His parents, who both had roots in South Carolina, instilled in him the pride, self-respect and discipline to be angered by the abuse, but selective about when and how he fought back.
His father’s injunction to keep his hand on the plough and to get an education that nobody could take away from him served him well to channel his anger in a different direction.
This is not to say that Leon kept silent.
He writes in clear yet vivid prose about telling a white officer rather than doing as the Romans did and acquiesce to the legal segregation, as the officer would have him do, he was an American who wanted to do as the Americans did.
The chill in the room as he spoke those words drifts up from the page and grabs the reader.
This incident in which he spoke up was an example of Leon asking himself the question, “Is the price too high?”, the second part of the title, and concluding, “No.”
He had to speak, for himself, for his self-respect and for others similarly maltreated.
Leon’s experiences in the army left him, in his own words, “an angry black soldier.” But his visit in April 1945 to the Buchenwald concentration camp, where he witnessed unspeakable atrocities, expanded his worldview and helped him realize that black Americans were not the only people being oppressed.
“The blinders came off,” Leon explains in presentations when he describes the impact of his four hours in Buchenwald. While he did not yet know the form that his contribution to fight the evil of segregation and that had designed and carried out the Holocaust, he was certain that he knew he would have to make a stand.
For 34 years, that stand came in education.
After earning his degree and marrying his wife Mary, with whom he shared 53 joyful years, Leon began his time in the classroom, venturing from elementary school teacher to administrator to high school principal.
It was during the early part of his tenure that he became acquainted with the actions and philosophy of nonviolence endorsed and practiced by Dr. Martin Luther King, Jr., then surging into national prominence as the leader of the Montgomery Bus Boycott.
King’s articulation of the importance of nonviolence and of his dream of a country in which people were judged by the content of their character riveted Leon, who eventually became a Quaker and a firm advocate of nonviolence.
Good Enough recounts these events and much more.
The reader is treated to all kinds of inspiring moments in Leon’s life, including the time in 1970 when he met Nina Kaleska, a Holocaust survivor who was speaking to some of Leon’s students at Benjamin Franklin High School, one of the toughest schools in the city, if not the country.
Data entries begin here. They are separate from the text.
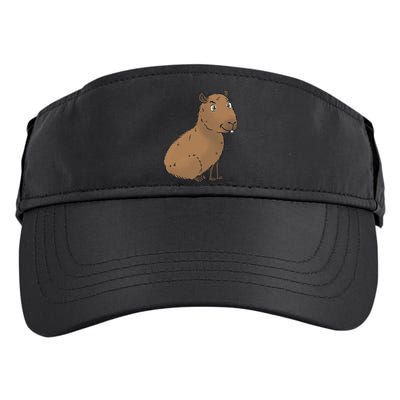 Cute And Funny Capybara Meme Adult Drive Performance Visor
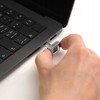 USB atmintinė Adam Elements iKlips S Nano Touch – USB-C atmintinė su pirštų atspaudų skaitytuvu 256 GB SSD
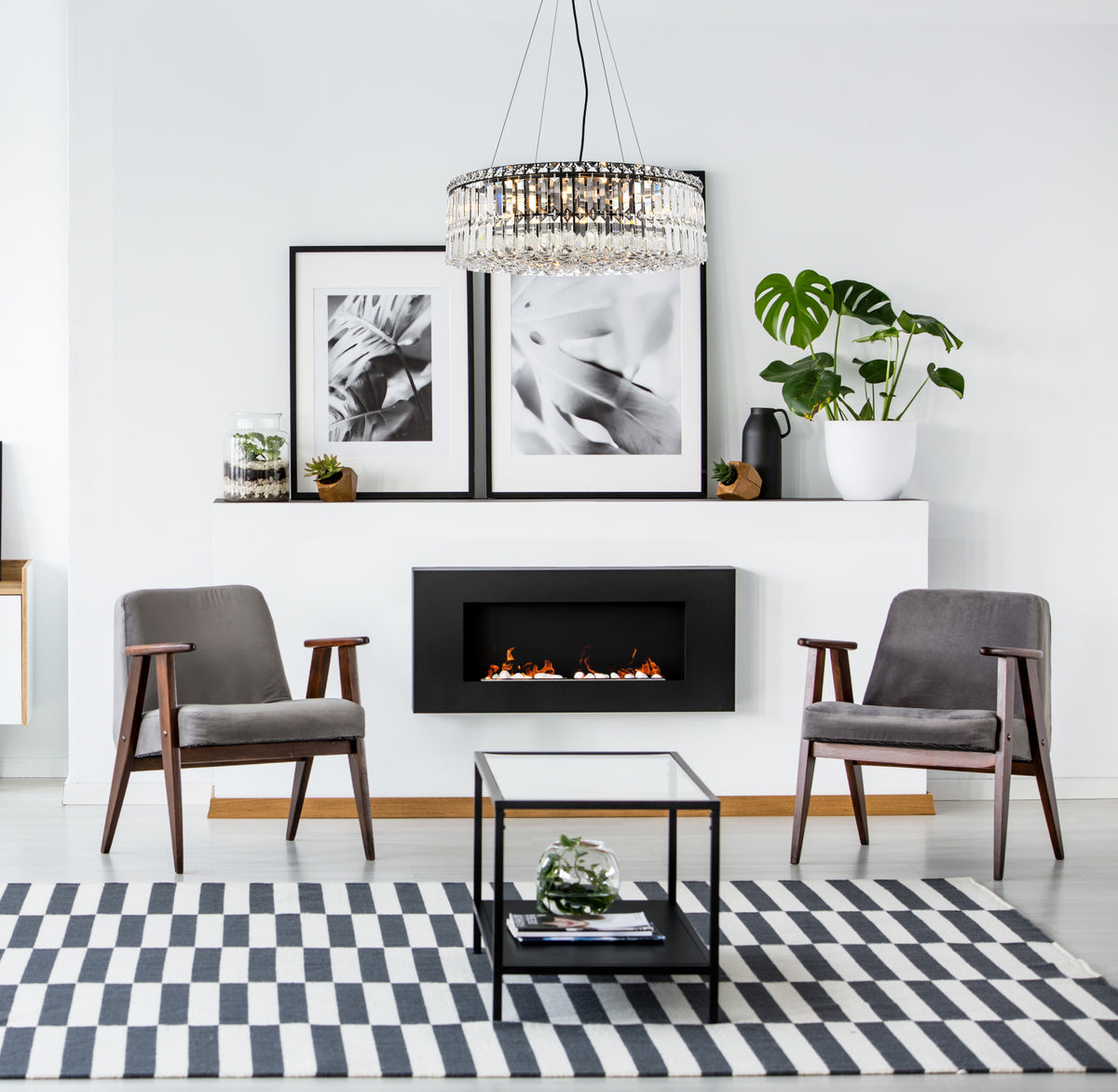 Maxime 24 inch black chandelier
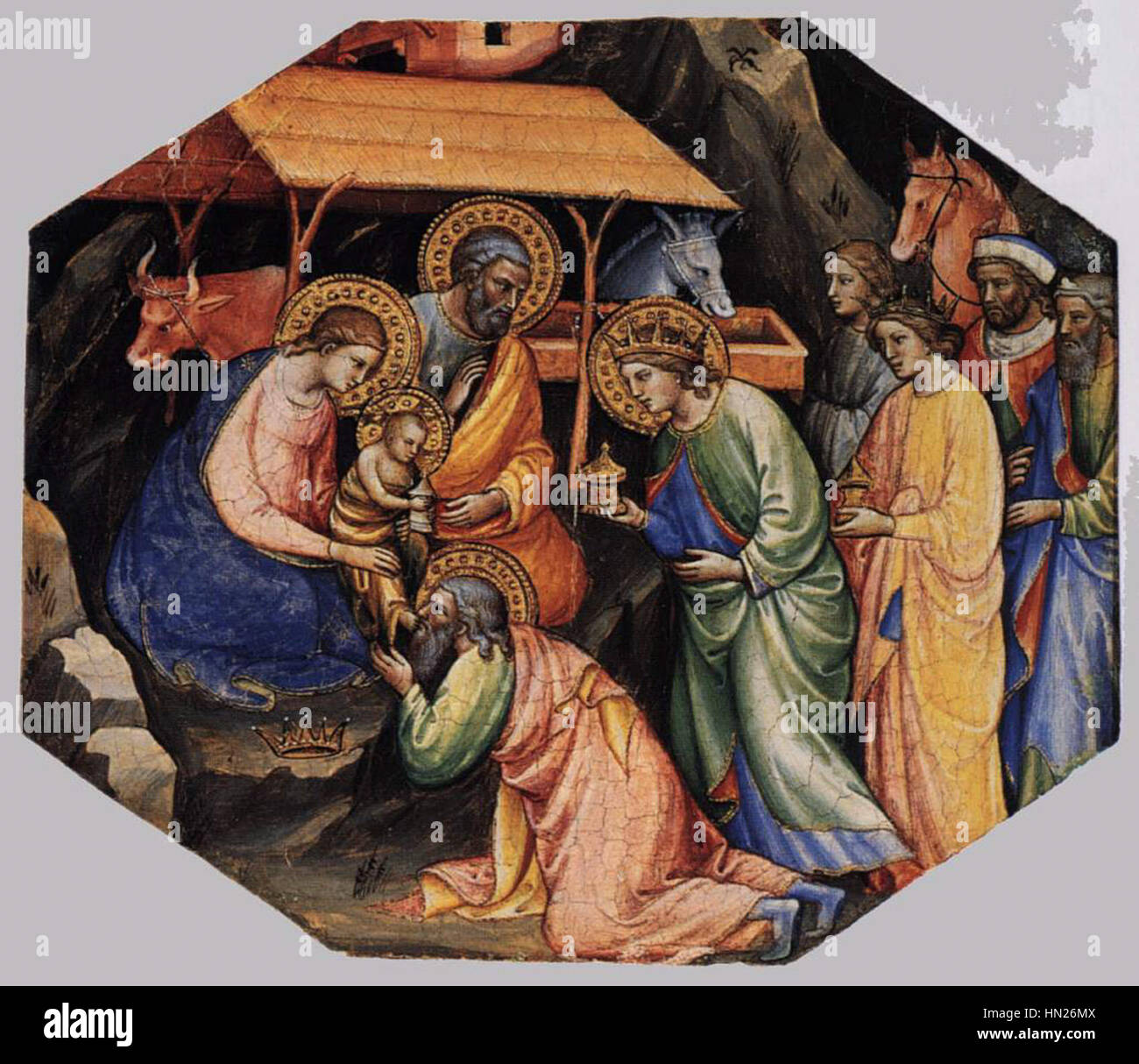 Mariotto di Nardo - Scene della vita di Cristo (3) - WGA14091 Foto Stock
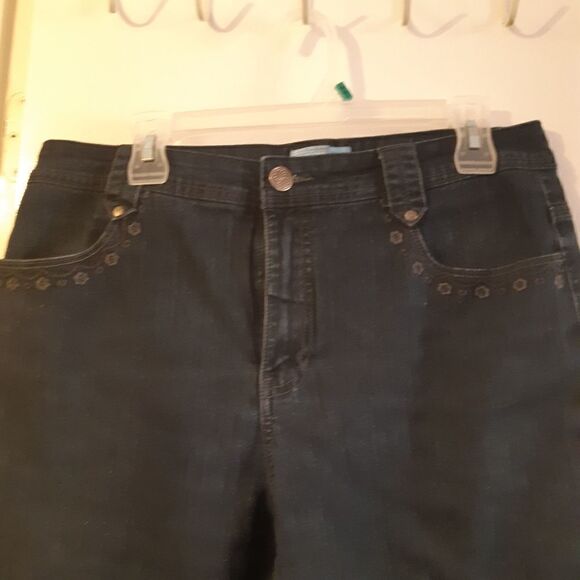 Pennars size 14 Womans Dark Wash Blue Jean Capris - Picture 8 of 13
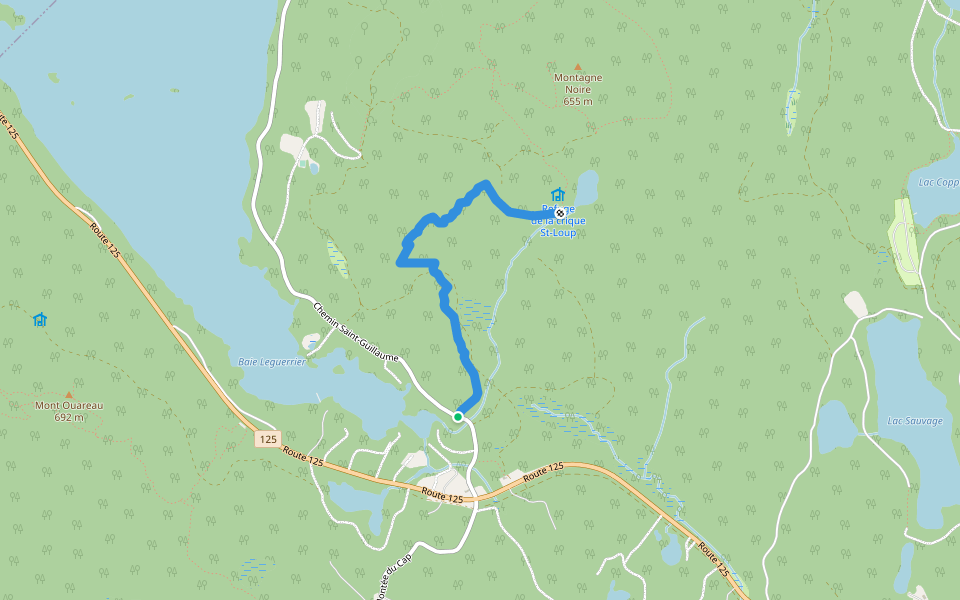 Sentier du Crique Saint-Loup walking route map in Notre-Dame-de-la-Merci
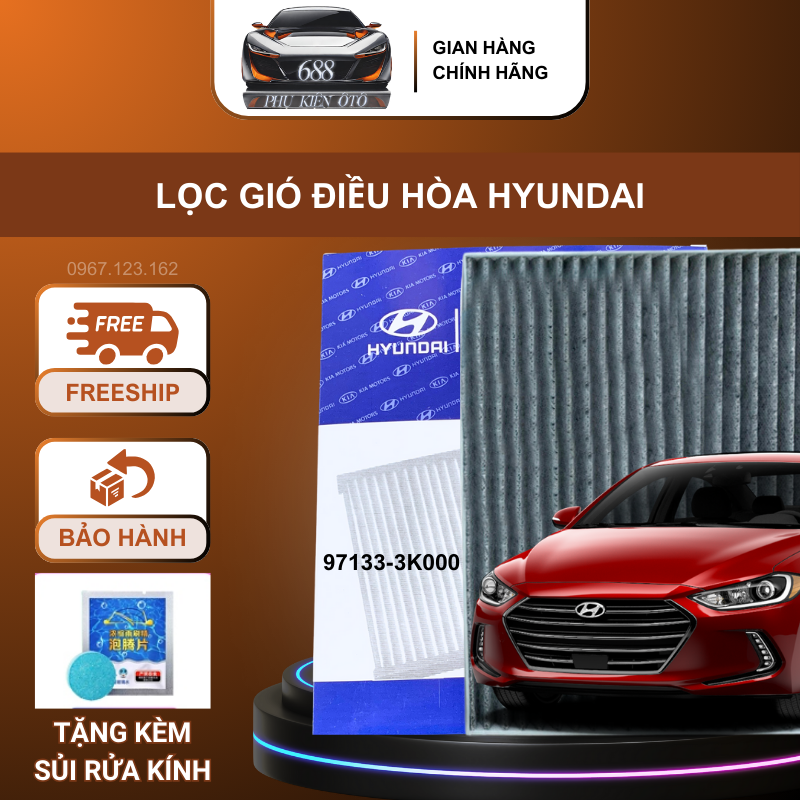 Lọc gió điều hoà than hoạt tính ô tô Santafe,Sonata,optima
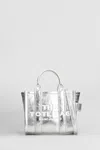 Marc Jacobs The Crossbody Tote Tote In Silver Leather In Silver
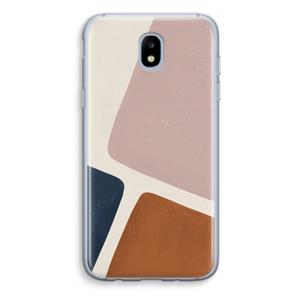 CaseCompany Geo #2: Samsung Galaxy J5 (2017) Transparant Hoesje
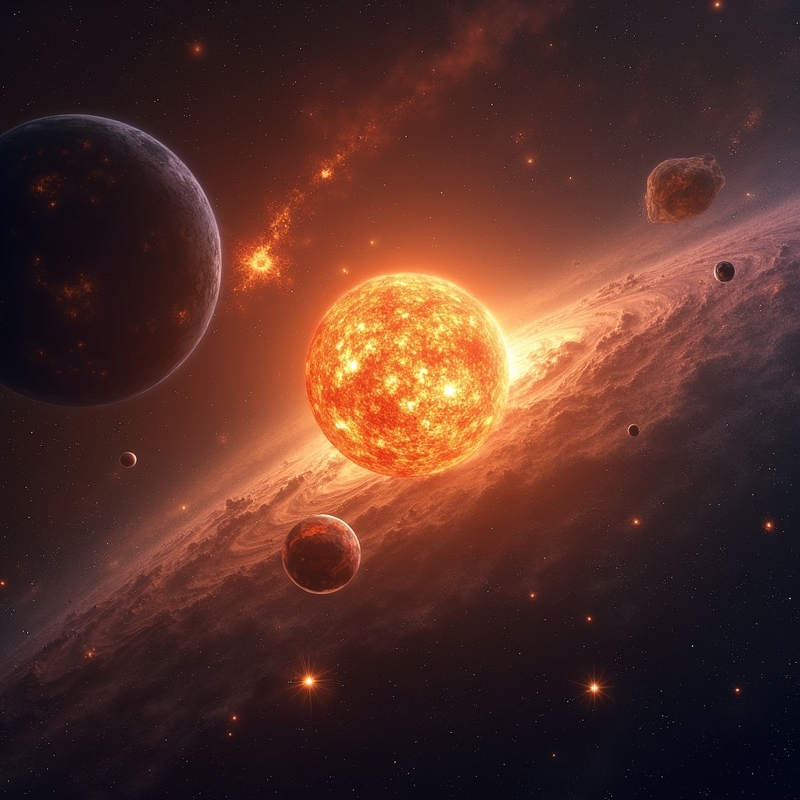 Hem 5 En stjärnas livscykel från nebulosa till supernova i rymden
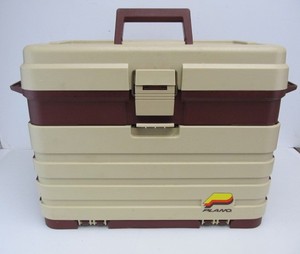 lot 210 image: Nice Large PLANO Fishing Tackle Box wTackle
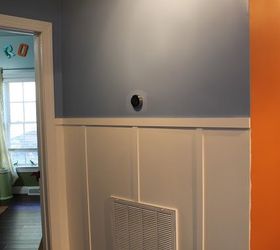 a kid s hallway for 60, chalkboard paint, foyer, painting, wall decor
The students were not listening to Kaleska’s description of the suffering she and her relatives had endured at the hands of the Nazis-she was her family’s sole surviving member-until Leon intervened, and, for the first time since that fateful day, publicly shared what he had seen.
Moved by his support, Kaleska implored Leon to tell his story to others.
“You’ve got something to say,” she said.
So he said it.
Leon has shared his experiences throughout the United States and Canada, leaving an indelible impression on all who have the good fortune of hearing him.
Now, thanks to his tenacity and persistence, we can read Good Enough, too.
Leon and I first talked about his undertaking the project in 1998, the second year I worked at Facing History, so it is a thrill for me that he has seen the book through to its end.
Skillfully written in accessible prose, the work includes photographs and other types of visual documentation interspersed through the chapters that proceed in chronological order.
So, on this day, when we mark our founding fathers’ assertion that it was time to break ties with our colonial overlords because of their repeated suppression of our inalienable rights, I urge all of you to take the time to purchase Leon’s book and learn about this man who has devoted so much of his life toward helping the nation live up to its lofty rhetoric and to making the dream real.